Teachers receive a federal tax break for out-of-pocket purchases. They can deduct up to $250 for classroom supplies.

The survey also showed most Grand Rapids-area teachers said their class sizes increased, textbooks were less current, classroom aides were cut, and students took fewer field trips.

The findings upset Margaret Trimer-Hartley, spokeswoman for the Michigan Education Association, the state's largest teachers union. "Are we asking doctors to buy medicine for their patients? Are we asking lawyers and accountants and other professionals to provide their own paper and pencils and typewriters?" she said. "Professionals ought to be given the tools to do their jobs and not be expected to dip into their own pockets for such basics."

School funding has remained flat, with a per-student minimum of $6,700 for three years running, and mid-year cuts in 2003 and 2004. Meanwhile, rising health-care and other costs are causing schools to cut programs and raise fees.

But others have a different take on school spending.

A Grand Rapids group led by Dick DeVos, who is running for the GOP nomination for governor, does not advocate more money for education, instead saying a bigger portion of existing funds should be allocated to the classroom. "Clearly, more dollars need to be spent in the classroom so teachers don't have to spend their own money," said Rob Minard, spokesman for the Great Lakes Education Project, which advocates for more choice in education.

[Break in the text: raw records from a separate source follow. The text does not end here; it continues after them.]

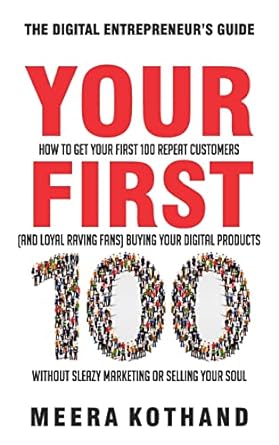 your first 100 how to get your first 100 repeat customers buying your digital products without sleazy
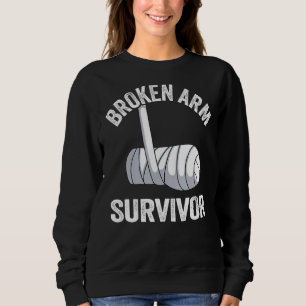 Sweatshirt Broken Arm Survivor Recovery Broken Hand Get Well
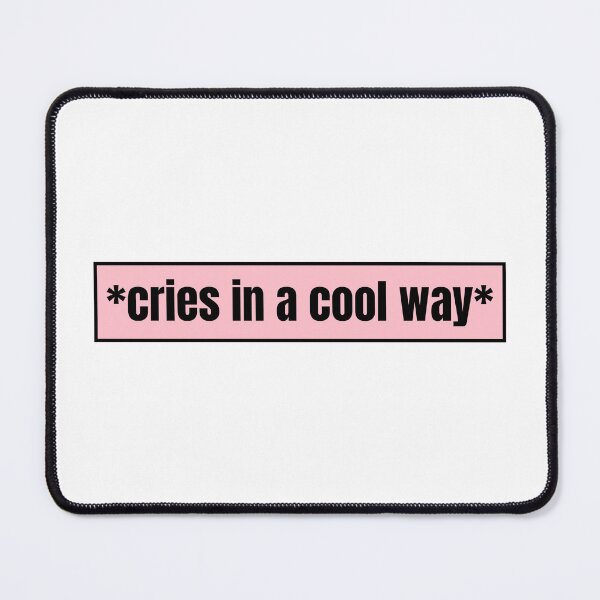 Item preview, cries in a cool way designed and sold by CharmStudio.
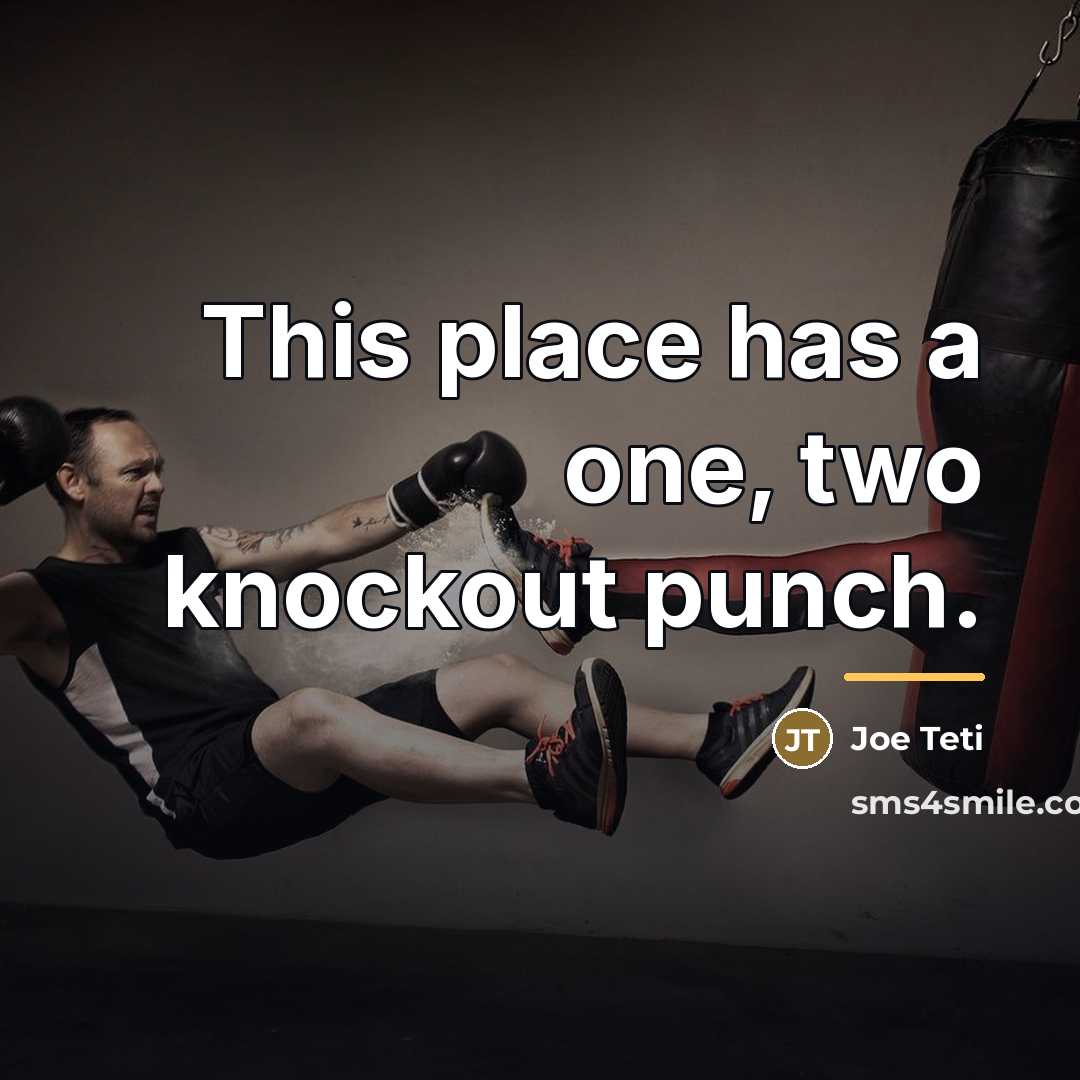 “This place has a one, two knockout punch.…” quote by Joe Teti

Michigan ranks poorly in the portion of education funding spent directly in the classroom, according to First Class Education, a Washington, D.C.-based group pushing to get more dollars in the classroom. With 57.4 cents on the dollar, the state ranks 48th, according to the group.

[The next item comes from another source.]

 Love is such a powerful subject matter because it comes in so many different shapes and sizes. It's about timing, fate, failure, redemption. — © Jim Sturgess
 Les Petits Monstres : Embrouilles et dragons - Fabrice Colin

Spend More School Money on Students

Sunday, April 17, 2005
Cutting education overhead by $1 billion would pay for 20,000 more Michigan teachers

The Detroit News - Michigan could improve public school student performance without raising taxes by transferring existing money to classroom instruction.

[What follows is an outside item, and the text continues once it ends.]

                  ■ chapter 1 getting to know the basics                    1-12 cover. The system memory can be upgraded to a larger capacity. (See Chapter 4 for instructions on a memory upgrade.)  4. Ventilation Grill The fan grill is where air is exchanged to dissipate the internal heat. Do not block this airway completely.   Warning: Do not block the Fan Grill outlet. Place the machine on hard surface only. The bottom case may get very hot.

The idea comes from a budding national movement to reduce school overhead and spend at least 65 cents of every education dollar in classrooms, where it will do the most good.

Michigan has plenty of room for improvement. The state spends 57.4 percent of its education budget in the classroom -- with the rest going for administration, food services and nonteaching personnel such as nurses and counselors, says First Class Education, a group pushing the wise use of tax dollars.

By upping the rate to 65 percent, $1 billion would be available to shift directly into classrooms, the group estimates. Translated, the $1 billion would pay the salaries of 20,000 more teachers, given the typical pay of $50,000 a year. There is, of course, a need for spending outside the classroom. But these costs should be cut to the bone to bankroll more instruction, which, after all, is the primary goal of public education.

In Arizona, lawmakers are already lining up to adopt such a plan, saying a 65-percent rule will solve Arizona's overall school funding problems. Other states have already hit the 65 percent mark. The First Class Education group developed the 65 percent formula after mining federal education data from around the country. Even if the proposed savings estimate for Michigan is off by as much as half, making another $500 million available for instruction is no small feat.

The breakthrough idea places a priority on students by putting a figure on limiting bureaucracy and adding teachers. Cutbacks need not be all that radical. Strategies include districts pooling resources with an eye toward, say, reducing the number of principals, assistant principals and assistant superintendents. Gov. Jennifer Granholm once put it this way: "School districts must reduce the bureaucracy, the layer of clay that blocks money from getting to the classroom."

The best thing to do with a blockage is to root it out. If local school boards are smart, they won't wait for a state mandate but will begin immediately to transfer money into the classroom. The prospects for raising more revenues are slim, given today's state budget realities. But that doesn't mean school districts can't increase classroom spending by reordering their priorities. The 65 percent target should be adopted by all school districts in the state.